From: kelsar777 on 7 May 2010 04:33 How can we prove for given programming language that there exists or not a quine (program which produces its own code)?
From: Paul N on 7 May 2010 07:02 On 7 May, 09:33, kelsar777 <kelsar...(a)gmail.com> wrote: > How can we prove for given programming language that there exists or > not a quine (program which produces its own code)? For many languages, I would have thought that the easiest way to prove one exists is to write one. Since most languages can produce arbitrary output, with ways to calculate an output rather than having to specify it as part of the program, I would have thought it would be possible to write a quine in most languages. So proving that no quine exists in a particular language is likely to focus on some particular flaw of that particular language.
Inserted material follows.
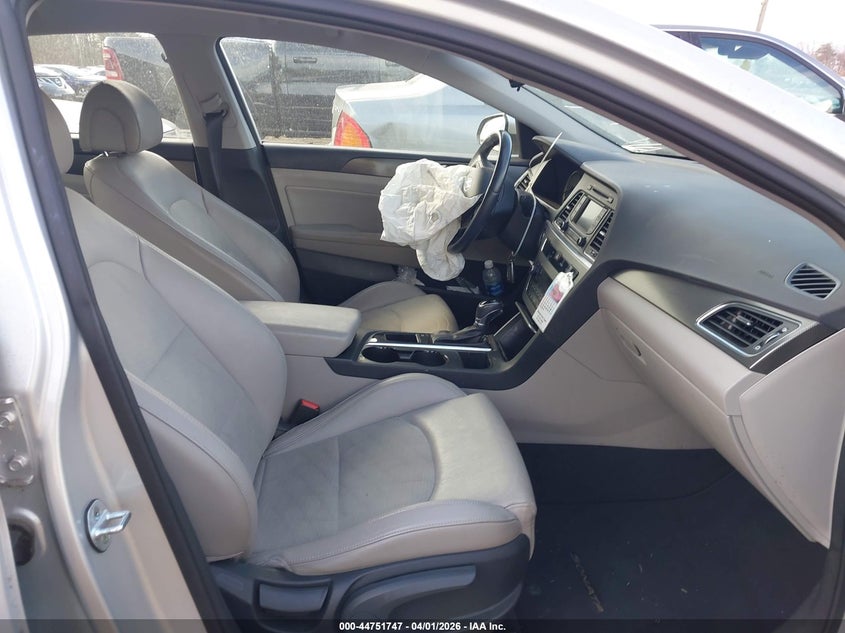 2015 HYUNDAI SONATA auction photo 5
From: Ben Bacarisse on 7 May 2010 12:31 kelsar777 <kelsar777(a)gmail.com> writes: > How can we prove for given programming language that there exists or > not a quine (program which produces its own code)? A quine is a fixed-point of the function F defined by the compiler and the execution environment[1]. F takes a program text, p, and compiles and runs it to generate a string r = F(p). A fixed point of F is program text q = F(q): i.e. it is a quine. It is possible to prove that, under a reasonable set of conditions, all such F have a fixed point. The conditions exclude things like sounds compilers where the output domain is unrelated to the input domain. The proof has to be embedded in some theory of computation. For this purpose the simplest theory is probably that of the lambda-calculus. Search for things like "lambda-calculus fixed-point" and "Y combinator" and then ask yourself "is F likely to be expressible as a lambda expression?". [1] Interpreted languages have a null compiler! -- Ben.